Now with an emptier house – and much darkness, though less cold outside – I can declare the whole month a time for red and green, warm lights, and festive food. I try for cheerful music, scents of cinnamon or rosemary, and appreciate the small, the best things that make up the holiday.
My mother, who loved Christmas, had simple gift-giving rules – we each got some one thing (usually clothing), a treat (Katydids or turtles for me), and a book.
We weren’t far off that with our children – sometimes to their disgust. A particularly egregious year when friends got Nintendos, they got flannnel-covered down comforters (I think I am still not forgiven), also books, always books.
When our sons were in their adventuring years, we weren’t always together for Christmas. Our older son spent two seasons in Antarctica – their summer, our winter – working at McMurdo Station. The little boxes I packed up for him were really for me – reaching out to say we miss you, sending a new red plaid flannel shirt (a Christmas favorite for me to give, who knows how received) and photos of his dog Bill. And books.

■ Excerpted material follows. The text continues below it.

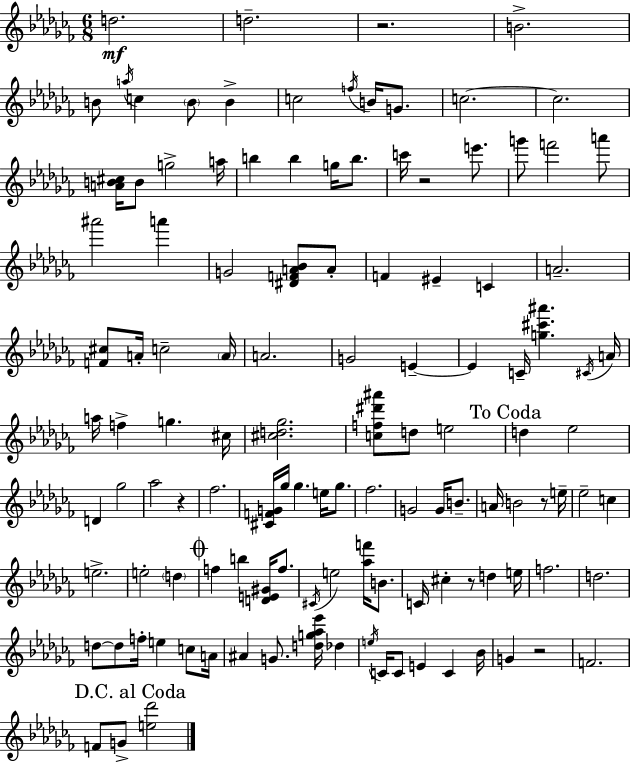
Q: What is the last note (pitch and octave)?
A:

In those days before reading devices, I’d patrol the aisles of Anchorage’s fine used bookstore and select a stack I thought might engage. I had a captive audience, and the only reject I remember was the first book of Sigrid Undset’s medieval trilogy, “Kristen Lavransdatter.” In spite of the Nobel Prize for Literature, rejected because of an unfortunate bodice-ripping cover. I still think that son might like it.

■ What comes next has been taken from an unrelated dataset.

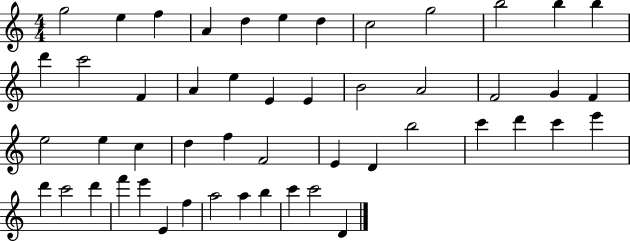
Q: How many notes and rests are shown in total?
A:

One day while I stood in the bookstore’s fiction section, a stranger remarked, “You have a lot of books!” I told him about my son in Antarctica, that I was trying to think of books to send him, but was nearing the end of known-to-me sure things. The stranger plucked a book off the shelf and handed me “The Leopard” by Giuseppe di Lampedusa – unknown to me and perfect. I packed up the Scandinavian woman and the Sicilian nobleman and sent them to Antarctica.
It’s truly satisfying, because not easy, to arrive at an “ah ha this will be loved” moment. Although so many people don’t read paper ones anymore, I still love to give books – they smell good, they’re easy to wrap. During the year I try to pay attention to reviews – thinking who might like what – some years I get way ahead. And others not.
I wish I had things wrapped and tucked away now. But the first step is priming the idea pump – thinking about books!